U.S. demand for windows and doors is expected to rise 9.3% annually through 2016, according to a study conducted by the Freedonia Group, a Cleveland-based market research firm. The forecasted growth is attributed to a rebound in housing completions and gains in building construction from a depressed 2011 base.
Plastic windows and doors will see the fastest gains through 2016, advancing nearly 12% per year. Growth will be driven by consumer perception that plastic is energy efficient and provides a high degree of value. Plastic windows and doors have taken market share from wood and metal products in recent decades and will continue to do so over the forecast period. Efforts by manufacturers to improve the aesthetics of plastic products by offering fiberglass doors with wood grain textures or vinyl windows in a wider range of colors will promote demand in both unit and value terms.

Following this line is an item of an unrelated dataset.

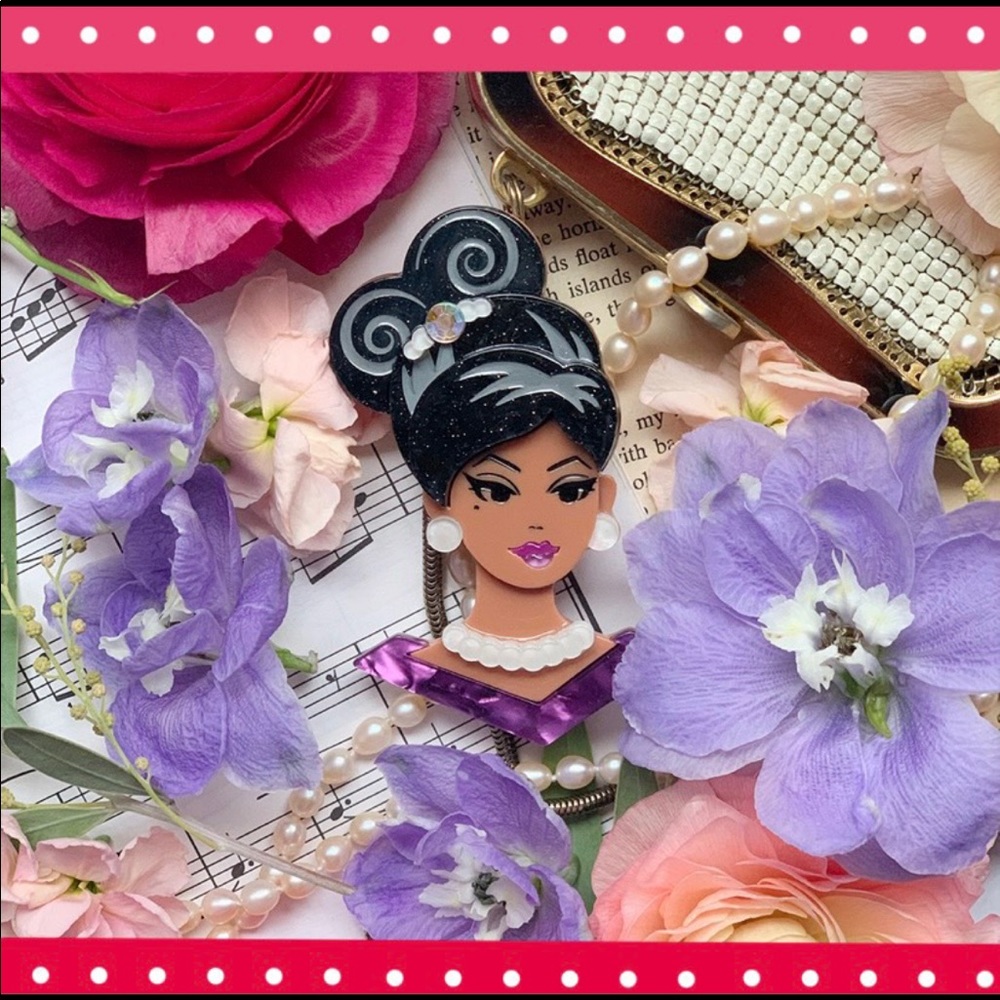 Golden Doll Acrylic detailed Brooch by Lipstick & Chrome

Metal windows and doors accounted for the largest share of window and door demand in 2011, and are expected to continue to lead the market in 2016. Rebounding housing activity will also increase demand for metal products. Population growth in the South and West will contribute to gains, as metal products are often installed in those regions because there is less concern about heat loss through fenestration products. Increased spending on nonresidential building construction will also boost metal window and door demand. Metal products are often installed in nonresidential structures because of their durability and low cost.
Demand for wood windows and doors is forecast to rise 10.2% per year through 2016. Consumer perception of wood as an aesthetically pleasing material that adds value to a home will help boost sales. Many builders and homeowners, especially in the mid-range and high-end housing markets, will continue to specify wood products.